Content starts
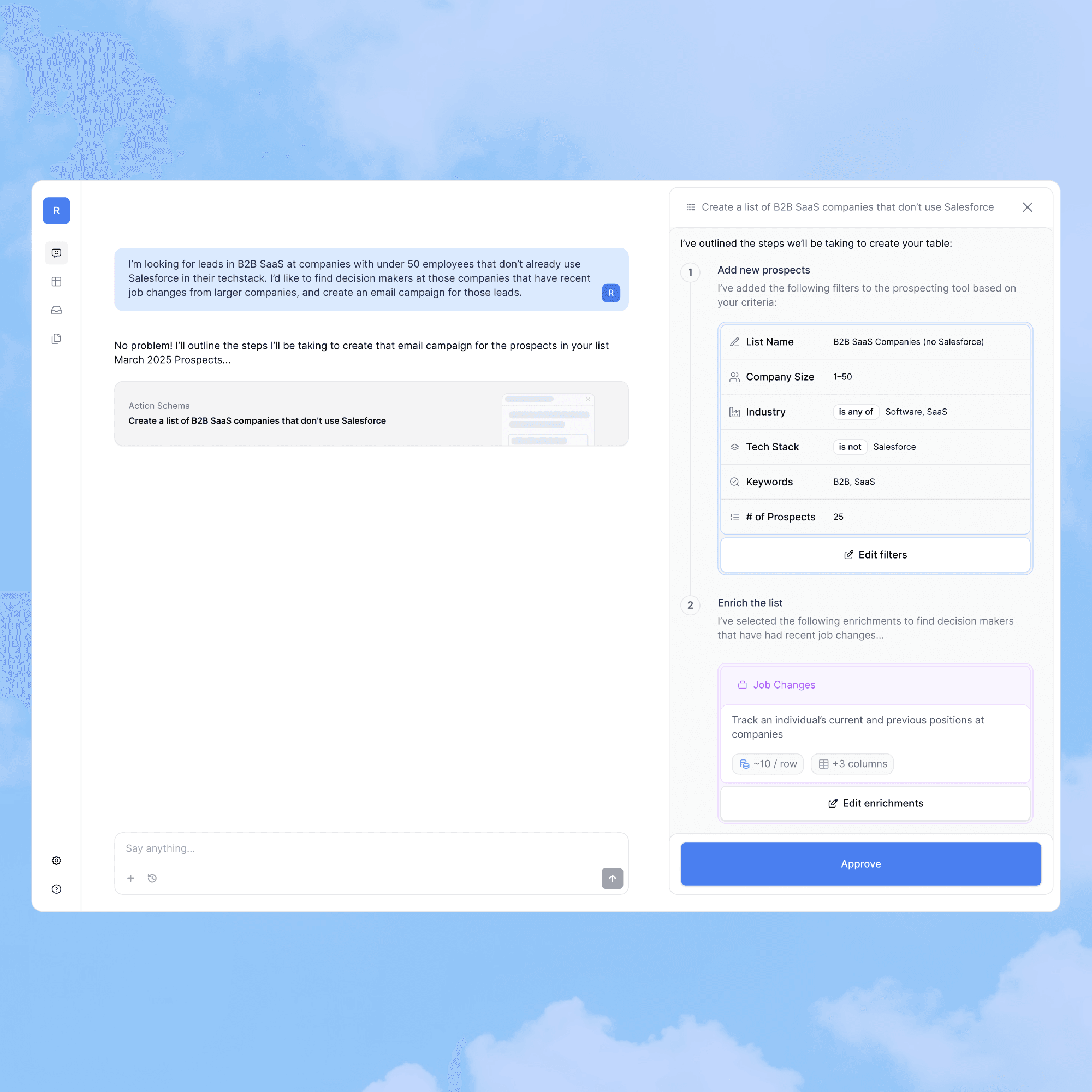 Leadmatic interface on a sky background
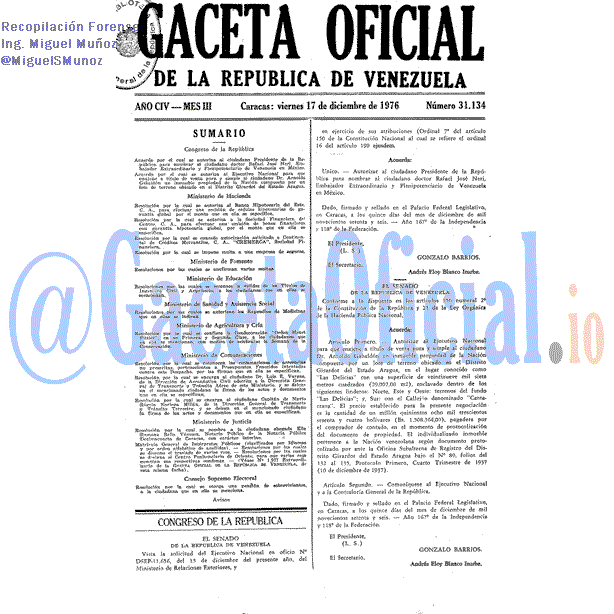 Gaceta Oficial 31134 del 17 Diciembre 1976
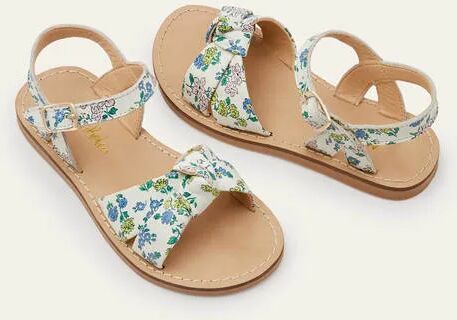 Mini Leather Knot Sandals Boto Pink Meadow Floral Girls Boden Leather Size: 33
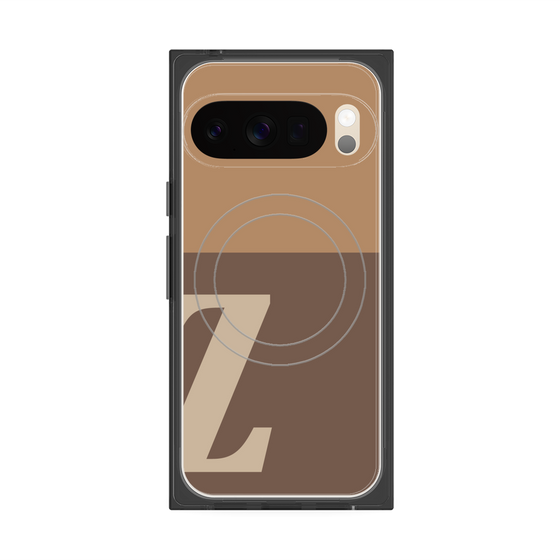 プレミアムスクエアケース with Pixelsnap［ オリジナル - initial two tone - Z brown ］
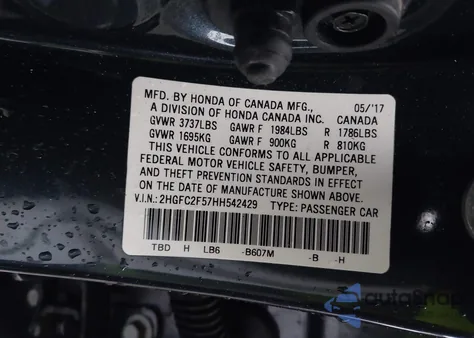 2017 Honda Civic Lx from USA, damaged, VIN 2HGFC2F57HH542429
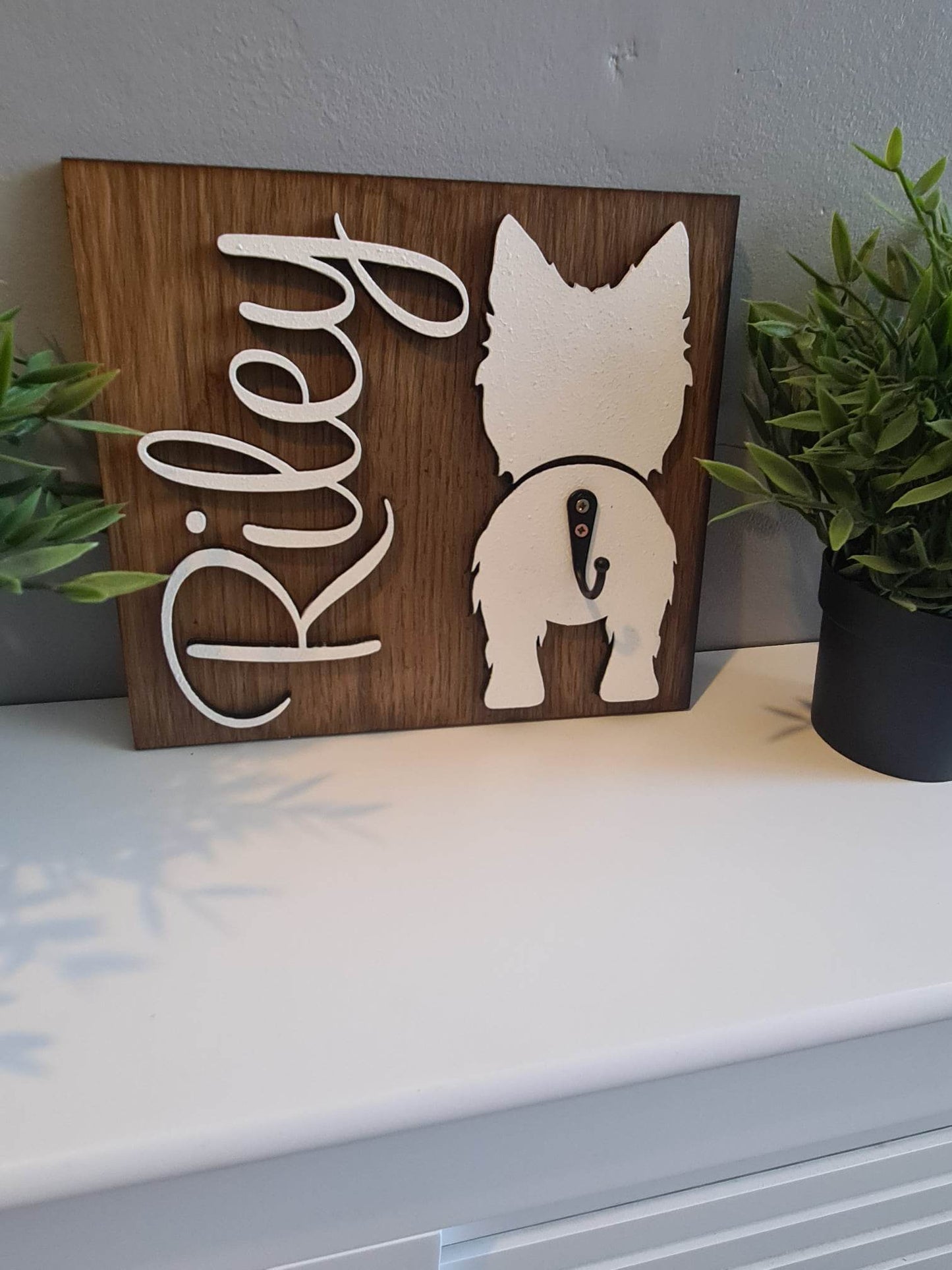 Personalised Dog Lead Hook, oak veneer, 100 Dog Silhouettes available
Content ends
§ **Task directions**
All of the records need repeating exactly, except for the pictures.

§ **Solved problem**
 Leadmatic interface on a sky background
 Gaceta Oficial 31134 del 17 Diciembre 1976
 Mini Leather Knot Sandals Boto Pink Meadow Floral Girls Boden Leather Size: 33
 プレミアムスクエアケース with Pixelsnap［ オリジナル - initial two tone - Z brown ］
 2017 Honda Civic Lx from USA, damaged, VIN 2HGFC2F57HH542429
 Personalised Dog Lead Hook, oak veneer, 100 Dog Silhouettes available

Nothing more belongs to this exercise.